1\. Erlang has a funky syntax; deal with it. If you can't or won't learn the
language b/c of the syntax that is your loss. I'm sorry, but I can't really
find this a valid argument as it basically sounds like "Erlang syntax scares
me. Me no likey".

2\. Documentation on Erlang libraries is a bit weak in some areas, but all the
source is there and since it is functional, the ability to decipher the
methods is really great. However, if you are looking for a 'mysql tutorial'
with a 1000 hits on Google to show you the way, you won't find it. Frankly,
you will have to exert some effort with Erlang.

3\. This is wrong.
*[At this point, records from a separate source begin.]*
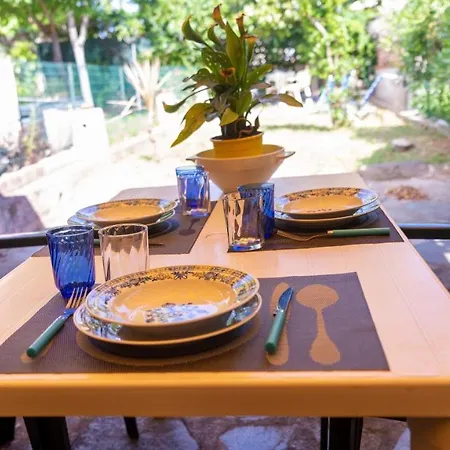 Διαμέρισμα La Casa Di Elisabetta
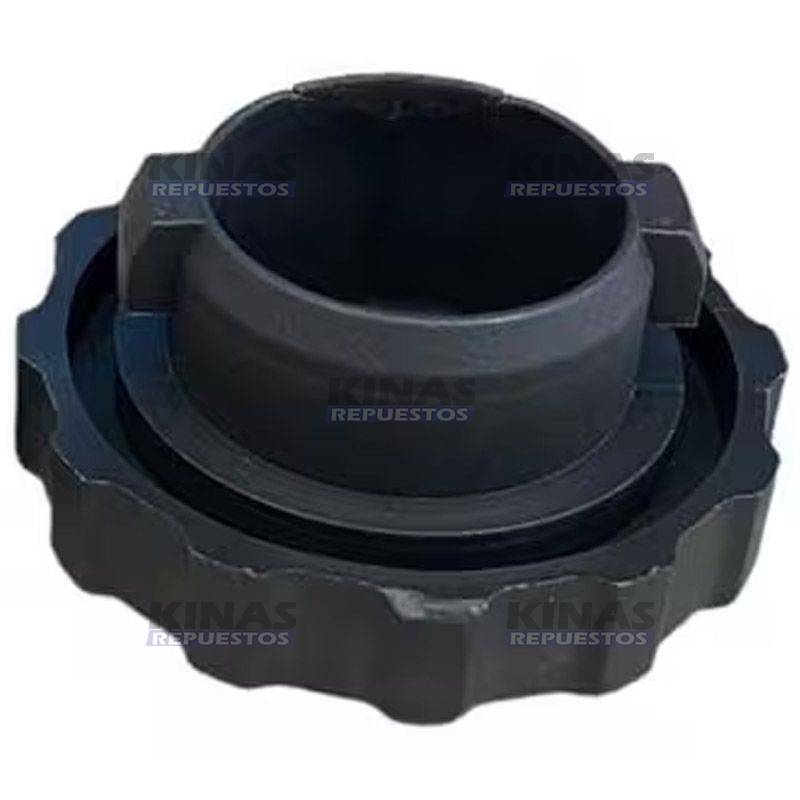 TAPA ACEITE MOTOR MAXION CHEVROLET GM D20/D40/6000 SILVERADO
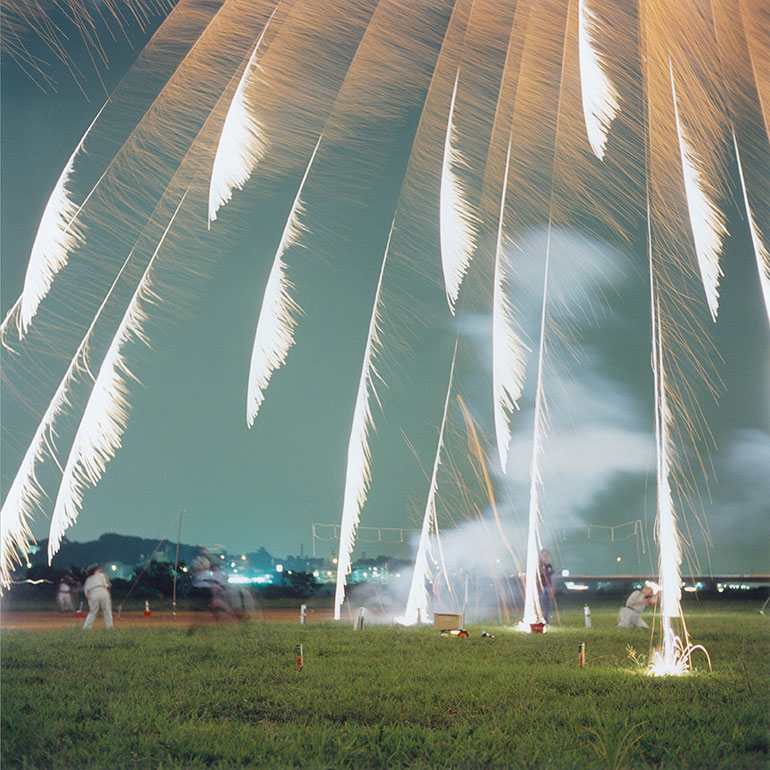 Rinko Kawauchi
I realize that this is 2008, but even in 2008 you had huge
Erlang systems at Akamai, Mochi and many European telecoms. Since then (when I
have picked it up) there is Basho, XMPP implementations, trading systems and,
of course, Facebook chat.

4\. Again, fear basically. The code base likely will never grow as big as a
.NET or JEE code base simply b/c the code is functional.

5\. The numbers are the numbers and they speak for themselves. You can't
really understand the benefit you can get from Erlang until you try it for
yourself on a multicore system and see it fly, watch it in a multi-noded
system and watch it grow and see how it handles failures w/ ease. Traditional
OO developers (.NET and Java) just won't "get it" until they try it.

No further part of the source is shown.